At present, a protein chip system using SELDI-TOF MS from Ciphergen is commercially available, and the protein chip to which the antibody has been immobilized using this system has been developed, but it is not sufficient in terms of throughput property and accuracy of mass analysis.
Meanwhile, with respect to the transcription chip to which the DNA has been immobilized, generally, the molecular weights of the transcription factors are often about 50,000, and it has been difficult to identify from the mass information by the current accuracy of the mass spectrometer. Thus, it was speculated that if a system using a diamond (DLC) chip capable of immobilizing the DNA at high density and MALDI-TOF MS using the peptide mass fingerprint method by trypsin digestion was used, the mass information of the transcription factor molecule could be directly acquired from the chip, and the detection system was made. As a result, the transcription factor could be detected and identified directly on the chip for the first time (FIG. 18). In addition, by combining with the tandem mass spectrum analysis, it became possible to detect and identify the transcription factor captured on the chip (FIG. 21).
According to the present invention, the profiling of many transcription factors is realized by the on-chip ELISA using the highly sensitive transcription chip, it is possible to sensitively detect and quantify the transcription factor in the culture cell extract and the tissue, and it is possible to use the above as tools for screening, predicting the toxicity at the drug discovery or diagnostic information.

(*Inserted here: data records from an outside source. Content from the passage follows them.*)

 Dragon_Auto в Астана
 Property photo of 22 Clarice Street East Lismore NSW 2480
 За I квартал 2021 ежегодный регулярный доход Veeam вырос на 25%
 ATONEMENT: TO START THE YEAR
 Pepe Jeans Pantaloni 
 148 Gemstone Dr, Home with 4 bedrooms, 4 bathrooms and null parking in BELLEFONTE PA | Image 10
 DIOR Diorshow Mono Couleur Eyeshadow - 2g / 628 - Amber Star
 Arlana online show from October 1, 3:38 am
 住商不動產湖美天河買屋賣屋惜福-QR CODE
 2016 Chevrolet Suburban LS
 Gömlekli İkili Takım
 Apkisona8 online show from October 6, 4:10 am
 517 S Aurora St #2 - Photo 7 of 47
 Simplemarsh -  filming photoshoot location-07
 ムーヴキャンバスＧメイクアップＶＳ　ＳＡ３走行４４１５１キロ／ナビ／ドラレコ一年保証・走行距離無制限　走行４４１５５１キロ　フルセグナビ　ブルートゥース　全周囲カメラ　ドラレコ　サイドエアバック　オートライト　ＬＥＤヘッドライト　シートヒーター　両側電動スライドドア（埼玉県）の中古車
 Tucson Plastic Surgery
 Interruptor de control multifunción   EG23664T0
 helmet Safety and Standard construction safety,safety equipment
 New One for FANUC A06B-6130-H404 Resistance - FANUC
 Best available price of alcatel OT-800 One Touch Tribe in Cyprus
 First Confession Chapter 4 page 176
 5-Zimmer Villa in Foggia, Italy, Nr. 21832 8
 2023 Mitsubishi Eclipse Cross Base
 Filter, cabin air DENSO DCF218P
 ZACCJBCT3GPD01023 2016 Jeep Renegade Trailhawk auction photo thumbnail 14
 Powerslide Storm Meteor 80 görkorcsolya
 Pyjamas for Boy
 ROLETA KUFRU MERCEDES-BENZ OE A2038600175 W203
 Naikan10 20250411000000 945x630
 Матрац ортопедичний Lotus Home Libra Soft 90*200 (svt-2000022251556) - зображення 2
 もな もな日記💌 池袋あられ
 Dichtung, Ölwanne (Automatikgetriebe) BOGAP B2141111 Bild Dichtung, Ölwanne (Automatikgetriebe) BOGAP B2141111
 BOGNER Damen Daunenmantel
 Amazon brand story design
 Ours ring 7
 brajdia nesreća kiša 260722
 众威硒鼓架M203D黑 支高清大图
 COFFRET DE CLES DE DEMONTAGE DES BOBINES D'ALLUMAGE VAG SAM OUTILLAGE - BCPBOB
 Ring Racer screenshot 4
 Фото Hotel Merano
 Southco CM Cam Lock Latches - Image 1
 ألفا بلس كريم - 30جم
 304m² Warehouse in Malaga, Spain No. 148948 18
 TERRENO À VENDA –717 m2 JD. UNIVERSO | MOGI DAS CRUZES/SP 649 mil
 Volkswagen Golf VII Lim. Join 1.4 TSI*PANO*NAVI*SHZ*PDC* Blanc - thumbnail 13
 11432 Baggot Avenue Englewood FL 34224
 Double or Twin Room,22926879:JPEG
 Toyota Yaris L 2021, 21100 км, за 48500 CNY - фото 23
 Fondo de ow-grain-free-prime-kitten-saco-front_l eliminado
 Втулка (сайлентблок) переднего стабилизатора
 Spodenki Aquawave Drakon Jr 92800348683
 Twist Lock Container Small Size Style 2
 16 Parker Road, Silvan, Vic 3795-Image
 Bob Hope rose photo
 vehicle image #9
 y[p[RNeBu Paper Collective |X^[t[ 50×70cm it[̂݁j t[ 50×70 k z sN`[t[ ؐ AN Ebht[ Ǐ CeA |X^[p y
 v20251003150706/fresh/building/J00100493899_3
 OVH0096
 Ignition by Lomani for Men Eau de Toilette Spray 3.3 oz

Also, it is possible to directly identify the transcription factor on the chip using the peptide mass fingerprint method. Furthermore, the tandem mass spectrum analysis was possible, and thus, it is possible to identify the transcription factor in the sample comprising the impurities.
It is possible to detect and identify the transcription factor with keeping sensitivity and accuracy equivalent to or more than those of the conventional MALDI plate by the use of the transcription chip (FIG. 19) corresponding to a focus position of ionized laser.
According to the present invention, it is possible to efficiently profile the transcription factor.